Patlatın şampanyayı çünkü yeni bir Guido Brunetti gizemini okuma fırsatı, kutlama sebebidir.

İlk baskısı 1995’te yayımlanan Ölüm ve Hüküm, Donna Leon’un muhteşem Komiser Guido Brunetti serisinin dördüncü kitabı. Şimdiye kadar okuduğum Brunetti serisinden kesinlikle çok zevk aldım, çünkü Brunetti’yi gerçekten çok seviyorum. Atılgan ya da özellikle kahramanca tavırları yok. O sadece adalete inandığı için işini her gün sadakatle yapan, bir ailesi olan, sessiz, orta yaşlı bir adam.

Komiser Guido Brunetti’nin, sevgili şehri Venedik’te kanun ve düzeni sağlamaya çalışırken karşı karşıya kaldığı siyasi yozlaşma ve kamusal ahlaksızlık son derece cesaret kırıcı ve moral bozucu. İnsanların arzularını tatmin etmek ya da kendilerini zenginleştirmek için hevesle battıkları derinlikler, tek kelimeyle dehşet verici. Bugün zengin ve güçlülerin, suyu, havayı ve toprağı kirletebildikleri ve savunmasız insanları istedikleri şekilde kullanabildikleri ahlaki yozlaşma… Sonuç olarak Guido ve ailesinden her zamanki gibi etkilenmeme rağmen serinin bu dördüncü kitabını okumakta biraz zorlandım.

Kurgu, insan kaçakçılığı etrafında dönüyor. İtalya’daki bir grup güçlü ve nüfuzlu erkek, fakir ülkelerden kadınları -çoğunlukla Doğu Avrupa ülkelerinden Slav kadınları- fahişe olarak veya kadınlara gaddarca davranılıp öldürülen şu acayip filmler de dahil olmak üzere pornografik filmlerde kullanılmak üzere getirir. Tipik olarak kadınlara iş, aşk, evlilik ve daha iyi bir yaşam vaat edilir, ancak ülkeye vardıklarında pasaportları alınır ve “sahiplerinin” emrini yerine getirmeye zorlanırlar.

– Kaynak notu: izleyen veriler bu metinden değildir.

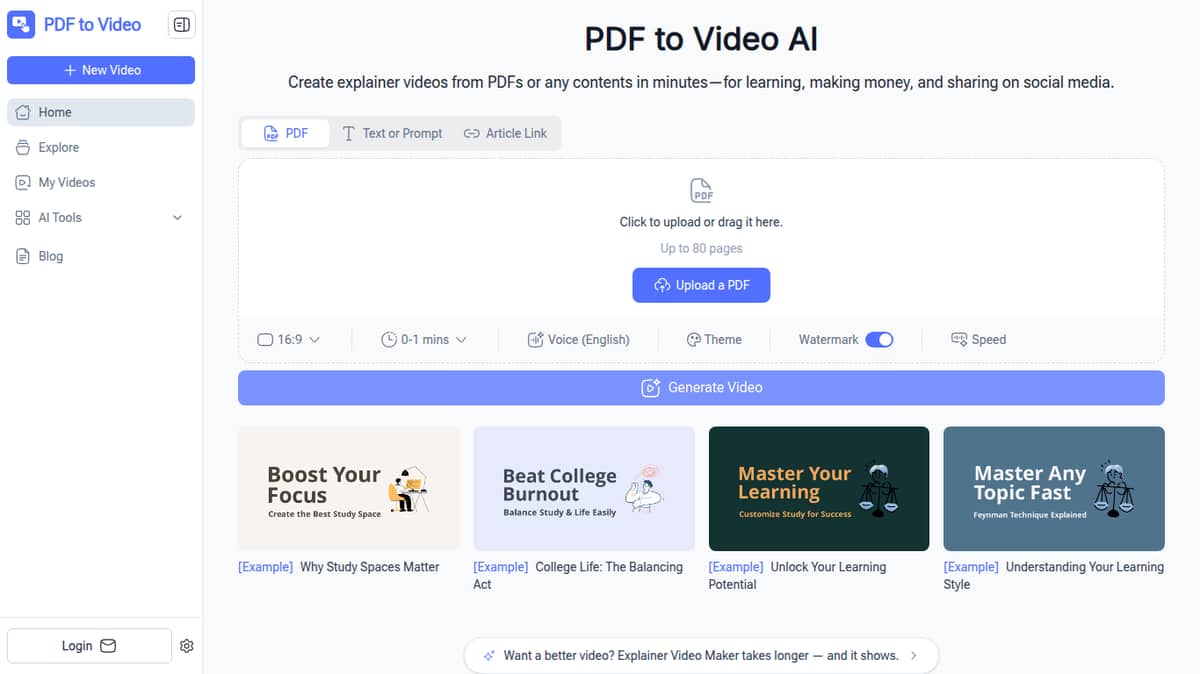 PDF to Video AI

Bunların hepsi adım adım ortaya çıkar tabii. Kereste dolu olduğu düşünülen bir kamyon buzlu otoyolda kayar. Siz de inanmadınız değil mi kereste hikâyesine? Evet, kamyonun sürücüsü ve sekiz kaçak kadın ölür. Bu, Venedik’in kuzeyinde olur ve Komiser Brunetti soruşturmaya dahil değildir. Bunun yalnızca haber olarak farkındadır. Ama tüm hikâye kısa süre sonra manşetlerden çıkar ve unutulur.

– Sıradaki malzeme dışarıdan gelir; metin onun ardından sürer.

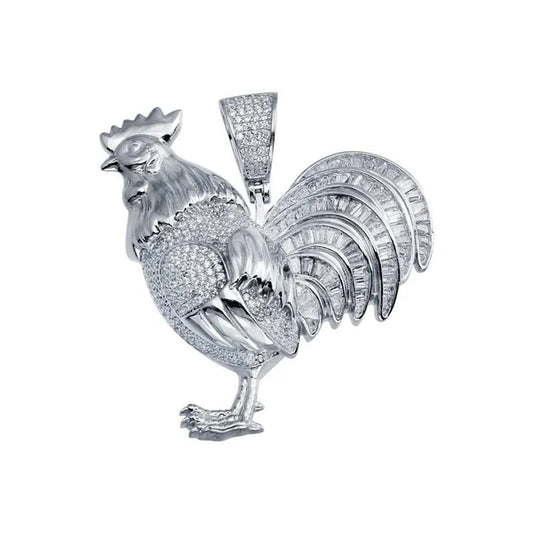 925 Sterling Silver Rhodium Plated CZ Rooster Hip Hop Pendant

Bir süre sonra Venedik’te zengin ve güçlü bir işadamı trende vurularak öldürülür ve davaya Brunetti atanır. Kısa süre sonra başka bir işadamı kapalı garajında karbonmonoksit zehirlenmesinden ölür. İlk otopsi bulguları, bilinçsiz olmasına neden olabilecek yüksek dozda barbitüratları gösterir ama sonra gizemli bir şekilde, otopsi bulguları intihar bulgusunu destekleyecek şekilde değiştirilir.

Brunetti, bir iş adamı daha öldürüldüğünde artık ikirciklenir. (‘E bir zahmet canım, artık şüphelen’ demekten de kendimi alamadım.) Çünkü bulunan cesetlerin birbiriyle iş ve akrabalık bağları vardır. Brunetti, üç ölümün de birbiriyle bağlantılı olduğundan emindir artık. Birinin neden bu üç kişinin ölmesini istediğine dair bir neden bulmak için hayatlarını araştırmaya başlar.

Brunetti her fırsatta engellerle karşılaşır, ancak kendisine iyilik borçlu olan, ona bilgi bulmaya ve iletmeye istekli, güvenilir sırdaşları, polis arkadaşları ve güçlü konumdaki kişilerden oluşan kendi çevresi var tabii. Güvendiği kişileri yardım için çağırarak araştırmasını inatla sürdürür. Belli ki Brunetti, Venedik siyasetinin zehirli dalgaları içinde hareket etmeyi ve hayatta kalmayı öğrendi artık.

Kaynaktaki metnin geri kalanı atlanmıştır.